There's something special about both men, beyond their physical contours and baseball résumés. There's a charm, a humility, a savant's reticence to parade his brilliance.

And a pain in each man's voice. It's the kind of pain that comes from failure. Profound failure. Not the kind that comes while strolling back to the dugout after a strikeout or surrendering a home run. Something inside the soul. From falling short of what they and the world thought they should be. The kind of pain that only famous people must feel.

We've long linked the two men because of their baseball feats. Because they played on the same team at the same time, both representing a resurgence, a revival after that long slumber of the 1970s.

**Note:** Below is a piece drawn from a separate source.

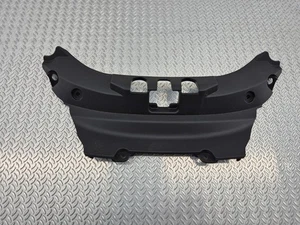 Cubierta de respaldo delantero Suzuki Burgman 400 AN400 2007-2016 46215-05H50 - Imagen 1 de 9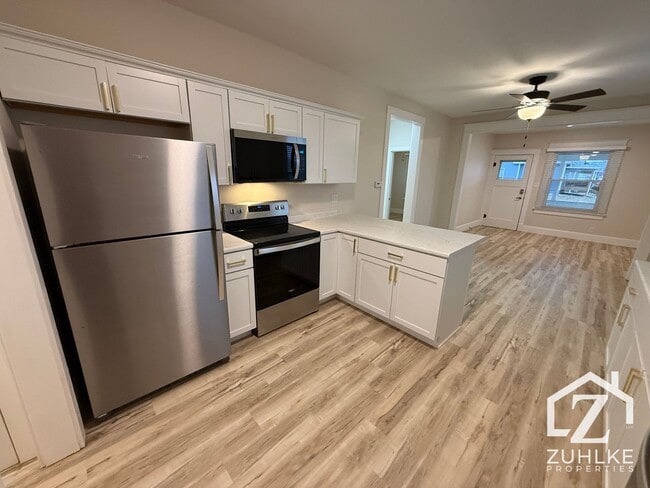 Photo - 201 N Pine St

But it turns out that Doc & Darryl are hardly chummy, and are far more Bette Davis and Joan Crawford than Paris Hilton and Nicole Ritchie. As far as Gooden sees it, he's had enough of Strawberry.

Doc is furious with Darryl. He says Strawberry has been disrespecting and disparaging him for some time. All in public, with the press. Everything from calling him out on myriad addictions to calling him homeless. Who knows what's really been said or when? The only thing we can confirm is Doc's feelings.

If you watched the ESPN "30 for 30" documentary on the dynamic pair, you likely sensed the stiffness between them. Even under the best pretense, a celebration of their high deeds under brown leaves, you felt the frost in that diner as they faced each other in that booth, the tension while they tugged on the straw in those plastic cups. They spent much of the time gazing out the window or staring down, but rarely looking at each other.

Last summer I interviewed Strawberry about the 20th anniversary of the 1996 Yankees and the dynasty that squad spawned. He beams when you mention the Yankees years. You get the sense that his time with the Mets was equal parts talent and torment, grateful for the fame and fortune and winning, but there was a clear and deep burden that came with it. But the mere mention of the Yankees -- of George Steinbrenner, the second chance and second act of his career -- is like throwing open the curtain to allow a decade of sunshine to beam into the room.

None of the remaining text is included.